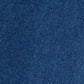Men Slim Tapered Fit Blue Jeans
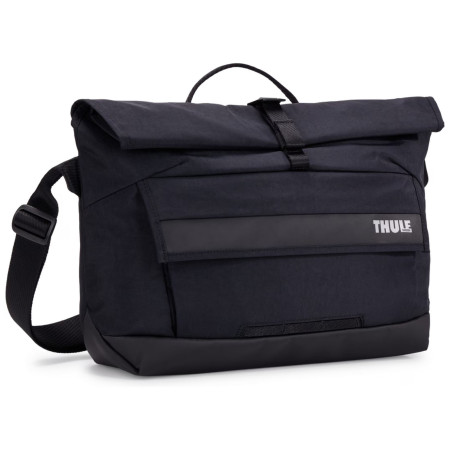 Umhängetasche Thule Paramount 14L schwarz Black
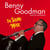 The Sound of Music (Essential Jazz Classic Edition)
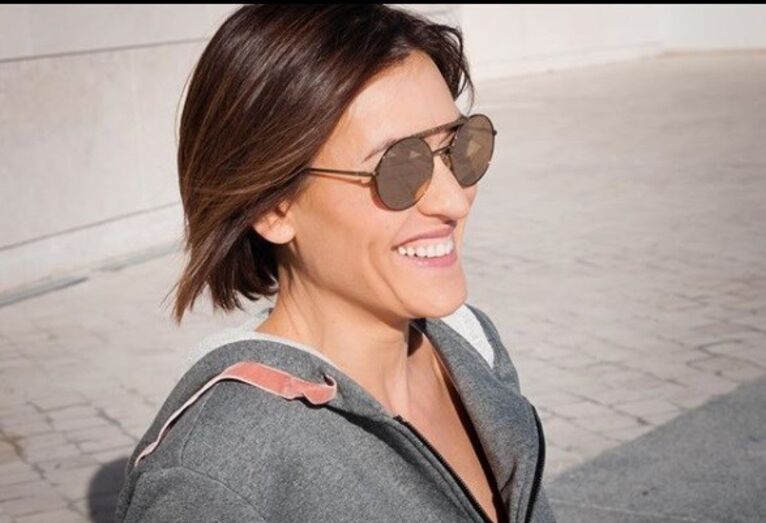 Fátima Lopes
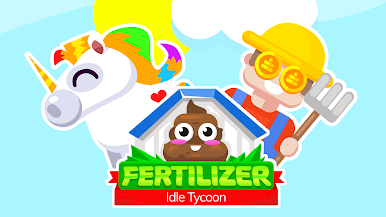 https://cdn-icon.bluestacks.com/ot6MKq9TfMzWV0fN7KjakT-g0-maKcBZT9oChnxqIp-p16zx6BU9cKzDN9xAHzA3QGsRuJ_zcrLq7MNER9eNQw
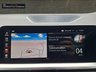 USED 2021 71 BMW 4 SERIES 3.0 430d MHT M Sport Coupe 2dr Diesel Hybrid Auto xDrive Euro 6 (s/s) (286 ps) EXCELLENT SPEC ,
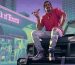 gta-7-will-cheaper-make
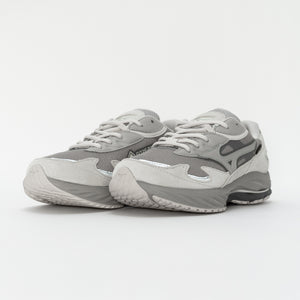 WAVE RIDER BETA GTX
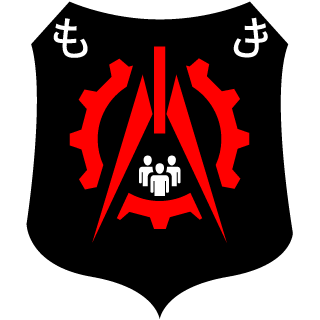TheWhiteKnight_0's emblem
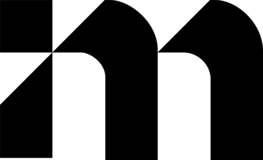 Logo Impulse Lab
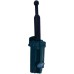 Polymer Ballwasher Green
· · · · ·
## GOAL OF THE EXERCISE
Go through the lines above and write each one out verbatim, skipping the pictures.

## SOLUTION TO THE PROBLEM
Men Slim Tapered Fit Blue Jeans
 Umhängetasche Thule Paramount 14L schwarz Black
 The Sound of Music (Essential Jazz Classic Edition)
 Fátima Lopes
 https://cdn-icon.bluestacks.com/ot6MKq9TfMzWV0fN7KjakT-g0-maKcBZT9oChnxqIp-p16zx6BU9cKzDN9xAHzA3QGsRuJ_zcrLq7MNER9eNQw
 USED 2021 71 BMW 4 SERIES 3.0 430d MHT M Sport Coupe 2dr Diesel Hybrid Auto xDrive Euro 6 (s/s) (286 ps) EXCELLENT SPEC ,
 gta-7-will-cheaper-make
 WAVE RIDER BETA GTX
TheWhiteKnight_0's emblem
 Logo Impulse Lab
 Polymer Ballwasher Green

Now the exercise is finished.